2 April 2014 | MartinHafer
Aside from a slightly overlong ending and preachy ending, a very good wartime propaganda film
"The Silver Fleet" is a reference to a fleet of Dutch ships that managed to score a huge victory over the Spanish back in 1628. Not only was this title used because the film was about the Dutch resistance to the Nazis, but because the anonymous leader of the resistance at the shipyards called himself Pieter Heyn--the man who commanded this Dutch fleet in the 17th century.
The film begins with the capitulation of the Dutch when they were invaded by the Germans in 1940. At that time, the head of a local Dutch shipyard, Jaap van Leyden (Ralph Richardson), was asked by the Nazis to re-open the yard and begin building ships for the Axis. Van Leyden realizes he really has no choice--the Nazis WILL begin building ships there. So, he agrees to run the shipyard for the Nazis and is outwardly a real Hitler-lover. However, his real plan is to use his position to vandalize the ships. But, because EVERYONE (including his own family) believes he's a collaborator, his life is very difficult. What acts of sabotage will this 'Pieter Heyn' perpetrate? See the film.

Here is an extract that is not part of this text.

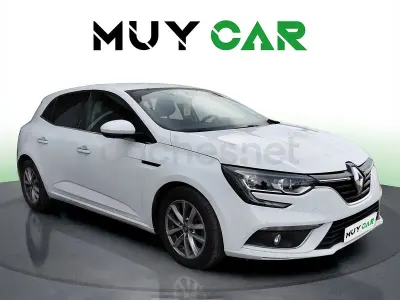 Usado Renault Mégane IV 100 CV (73 kW) 2017 Blanco Berlina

I like the quiet nature of this movie. It is very patriotic but only at the end did it go overboard to sentimentality and ultra-patriotism. Up until then, it was a solid thriller and seemed very realistic. The end was good but his letter and the things leading up to it went on a bit too long--though this was the style during WWII--to make everything obvious and rousing. Had the ending been a bit more subdued, I think it would have aged a bit better. Still, Richardson and the rest were wonderful and the film kept my interest from start to finish.